Precisamente, Dama, dama, el ácido retrato de un personaje de la alta sociedad, fue su tarjeta de presentación discográfica en el mismo año en que otra intérprete, Mari Trini, también vendía miles de copias de su provocativo Yo no soy esa. Lejos de competir, entre ambas artistas hubo siempre una corriente de simpatía. En cierta forma, se convirtieron en iconos para muchas mujeres en los últimos años del franquismo. “Una vez en un acto de la SGAE, mucho después de morir mi hermana,  Mari Trini se nos acercó a mi madre y a mi y nos dijo con cariño: ¿Dónde estaría Eva si estuviera aquí? Seguro que enredando porque era lo suyo…“.

En sus composiciones, que ahora se reúnen en un libro titulado Cancionero, una y otra supieron crear una delicada atmósfera sentimental. El amor conduce casi inexorablemente a la decepción. “Una vez –sigue contando la hermana– estábamos viendo Esperando a Godot en televisión. Me parece un coñazo, protesté, vamos a quitarlo. Teresa, respondió, aunque te parezca una tontería pero la historia es muy real. Cuando cumplas años verás que esa espera se da en muchos aspectos de la vida. ¡Qué madura era para su edad! De ahí la atmósfera de desencanto amoroso que hay en muchas de sus canciones. Toda su obra está basada en realidades, en cosas muy sencillas. Lo observaba todo. Primero escribía una letra y trabajaba mucho la idea. Encontramos varias tomas de una misma canción”.

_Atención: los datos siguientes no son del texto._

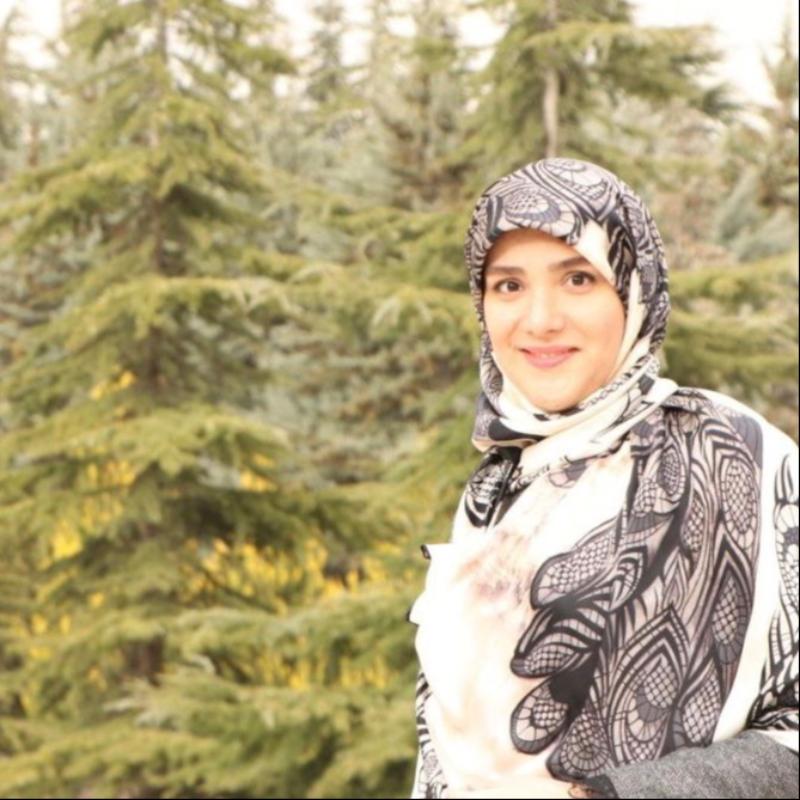 نفیسه  فغانی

En los meses anteriores a su muerte Cecilia insistió en la idea de retirarse pronto, comprar una casa en el campo y dedicarse a vivir rodeada de naturaleza. El negocio de la música le agotaba. En cambio, el contacto con el público en sus actuaciones le gustaba pero le fatigaba tener que negociar el repertorio, chocarse una y otra vez con la idea de debía vender más discos. “Eva tuvo que luchar contra dos dictaduras: la socio-política y la discográfica. Puede que no tuviera nunca grandes hits. Se lo echaron en cara hasta después de muerta, yo mismo he tenido que escuchar: ‘Es que como Cecilia no vende…’. Incluso cuando vendieron 700.000 copias del disco antológico en los años noventa. Ni se molestaron en presentarlo en un buen sitio, se enzarzaron en un rifirrafe con Juan Carlos Calderón, tuve que mediar para tranquilizarlo. Pero su legado está ahí, vivo”.

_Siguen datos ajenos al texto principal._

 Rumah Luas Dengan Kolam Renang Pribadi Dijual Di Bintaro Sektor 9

¿Cómo habría envejecido Cecilia? ¿Qué hubiera pensado ante los cambios que ha experimentado la sociedad española? El periodista José Madrid, que en 2011 publicó Equilibrista, una excelente biografía de la cantautora, cree que se habría hecho mayor “conservando la ilusión, la esperanza de que la sociedad y todos fuésemos mejores de lo que somos sin perder de vista nuestras miserias cotidianas. Lo que no tengo tan claro es si habría seguido dedicándose a la música tal y como lo hacía entonces. Poco tiempo antes de morir ya le daba vueltas a ser únicamente compositora y dejar de lado su faceta de cantante. Es evidente que esta sociedad, cada vez más polarizada, más volátil y más dada al espectáculo vacío de contenido sigue necesitando de artistas, de poetas como ella. Una Cecilia es hoy más necesaria que nunca”.

Pero el destino quiso que Cecilia se fuera de este mundo en la flor de la vida. Ella misma tenía ese presentimiento que desliza en muchos de sus textos. “Una conocida de mi madre leyó los posos del café a Eva y a su amiga Alia, la esposa del rey Huséin de Jordania, en casa. Sale que vais a tener un accidente, pero no pasa nada, comentó. No dio mas detalles. Desde entonces, ella tenía la idea de que moriría joven”.  Otro tanto le ocurrió a Alia.

La tarde que emprendió un viaje sin retorno, Eva y Teresa se despidieron con una corazonada: “En el garaje, a punto de que subiera en el coche, se me ocurrió decirle: Eva, dame un beso, que nunca se sabe lo que puede pasar. Cuando a los dos días se presentó en casa un empleado de CBS supe que había ocurrido algo. A Eva le ha pasado algo, dije, y él respondió: Sí”.